Figure 6.. High-throughput epitope knock-in in a 96-well format.

(A) Heat map of V5 knock-in efficiency across the entire 96-well plate. The positive control Sox2 was included in six different wells (marked with ‘+’). (B) Representative ICC images of V5 knock-in from figure (a) are shown, nuclear stain DAPI (blue) and TF-V5 fusion protein (yellow) are shown. (C) A 96-well plate heatmap of V5 knock-in for another set of 96 TFs. (D) Representative V5 knock-in panels, as obtained from the Operetta system, for the 96-well plate from (C) are shown, well number is indicated in the merged panel of each TF. Nuclear stain DAPI (blue), entire cell stain CellMask HCS (green), and V5 tag (red) are shown. (E) Top 30 TFs with highest knock-in efficiency from (A) and (C).

Figure 7.. Identification of Olig2 partners using V5 knock-in lines.

Mouse GNS Olig2-V5 cells were used for the identification of Olig2 interaction partners. (A) RIME analysis, volcano plot showing log(2) fold change plotted against −log(10) p value for endogenously V5-tagged Olig2 samples versus samples generated from an untagged parental cell line. (B) ChIP-SICAP analysis, proteins identified in the chromatin-bound complexes are ranked based on iBAQ score in the descending order.

Figure 8.. Knock-in of mCherry reporter using Cas9 RNP delivery.

(A) Schematics of the mCherry knock-in experiment is shown.
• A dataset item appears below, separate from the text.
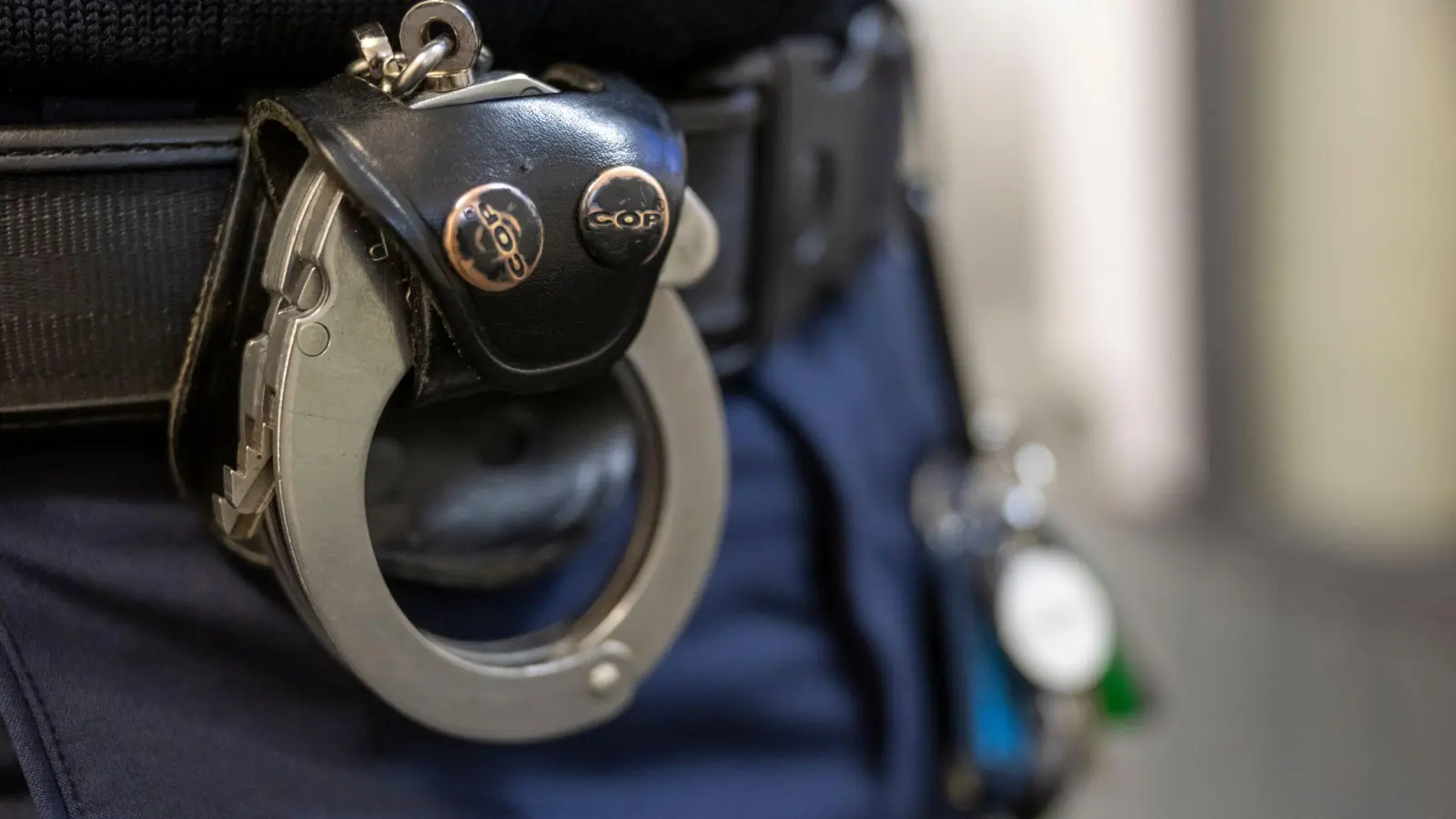 Der 17-Jährige wurde vorläufig festgenommen. (Symbolbild) (Bild: Peter Kneffel/dpa)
NS cells were electroplated with Cas9 RNP complex along with a dsDNA donor DNA, which was amplified using a vector plasmid that harbours mCherry encoding sequences flanked by promoter-less Sox2 homology arms. Cells were allowed to recover and expand for 7 days and then analysed by flow-cytometry for mCherry knock-in. (B) Flow-cytometry analysis of mCherry knock-in at Sox2 locus. Effect of variable length of homology arms was assessed, composite graph for all the panels is shown at the right bottom. (C) Flow-cytometry analysis of mCherry knock-in at Olig2 and Foxg1 loci, a donor DNA containing 500 bp homology arms was used for each gene. (D) Live-images of the mCherry-sorted populations are shown. Top panels show phase contrast and mCherry merged; bottom panels show mCherry alone.